Health happens in our streets, especially when our people can safely choose to walk, bike or use public transit. In May, I signed an enhanced Complete and Green Streets executive order to guide city departments in building and maintaining public streets. Our streets should be built to improve environmental quality and enable safe access for people of all ages and abilities. And our budget this year includes an unprecedented investment in sidewalks and bikeways. Our new Strategic Plan for Sidewalks and Bikeways won’t just be about infrastructure or recreation. It will also be about health, and the Health Department is a key part of the team.
Health happens in our parks and on our greenways. We just launched a new master planning process for our parks and greenways, the health department is on the steering committee, and positive health impact is a goal. We’ve also applied for federal funding to help us build out the I-440 greenway. This would be an elevated greenway along approximately seven miles of highway. It would be Nashville’s equivalent of Atlanta’s BeltLine, and provide a safe and healthy option for people to move around.
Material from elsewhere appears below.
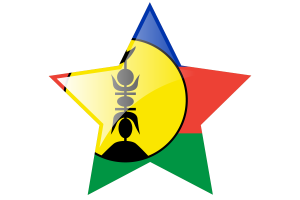 新喀里多尼亚旗帜星图标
Health happens in neighborhoods with safe, affordable housing, in communities where everyone has the opportunity to thrive. Recently, Nashville was named a Promise Zone community by U.S. Department of Housing and Urban Development. This designation will support collaborative efforts to engage some of our most challenged communities. It will help us coordinate the efforts of community leaders, government and nonprofits and make it easier to realize a vision in which everyone in every neighborhood can thrive. With the Promise Zone designation, we have a new opportunity to turn unhealthy deserts of poverty into places of hope and health.
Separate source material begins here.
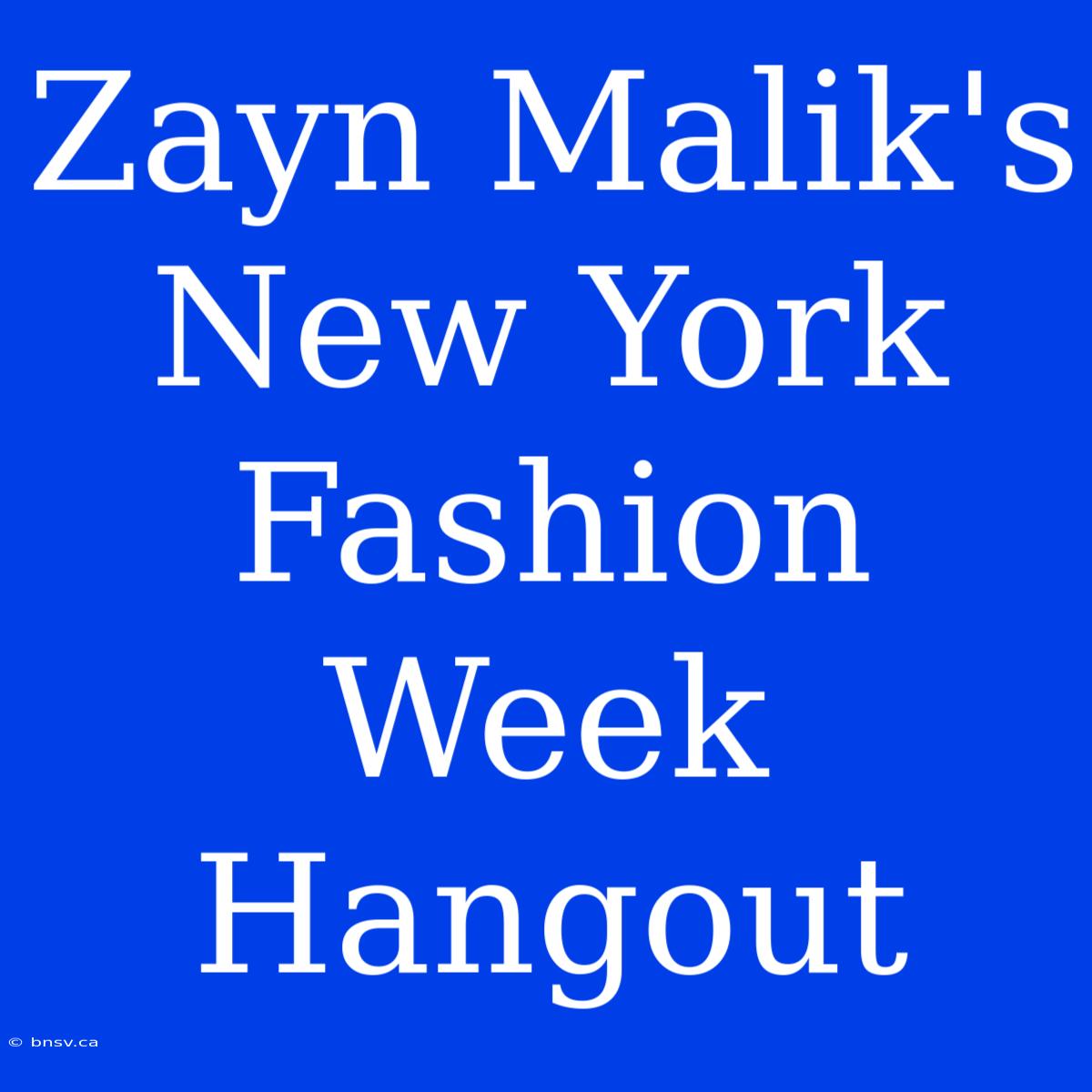 Zayn Malik's New York Fashion Week Hangout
Health also happens when our community embraces and supports our children and youth, when they are affirmed and given hope. Health crumbles when there is no hope, when children learn violence and turn to violence. Recently in Nashville we have faced an epidemic of violence affecting our youth. We went to the youth, through a series of summits, to determine what we can do to replace the violence with opportunities. Based on recommendations from the youth violence summits, I am calling on businesses, government agencies and nonprofits to help us place 10,000 youth in jobs and internships next summer.
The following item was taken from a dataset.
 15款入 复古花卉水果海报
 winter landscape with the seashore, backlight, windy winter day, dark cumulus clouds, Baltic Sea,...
Finally, health happens when Metro department leaders – from Public Works to HR, from Juvenile Court to Parks and Recreation – meet regularly to advance health through a collaborative “Health in All Policies” approach.
These are just some examples of what we have been doing to make Nashville a healthier place.
Improving Nashville’s health is not something that a mayor can do alone, that a health department can do alone, or even that government can do by itself. We need to join together and work collaboratively with communities and across organizations to improve community health.
So health happens when partners come together to advance Nashville’s Community Health Improvement Plan. And health happens when we have the opportunity to join the Public Health 3.0 listening tour, and a committed group comes together with our local health department.
We need to re-imagine how we move our community toward better health, and we need to strategize about what more we can do. Better health is something we can achieve if we make a commitment and we work together.
Let’s make Nashville known not just as a place where health care happens, but also as a place where health happens.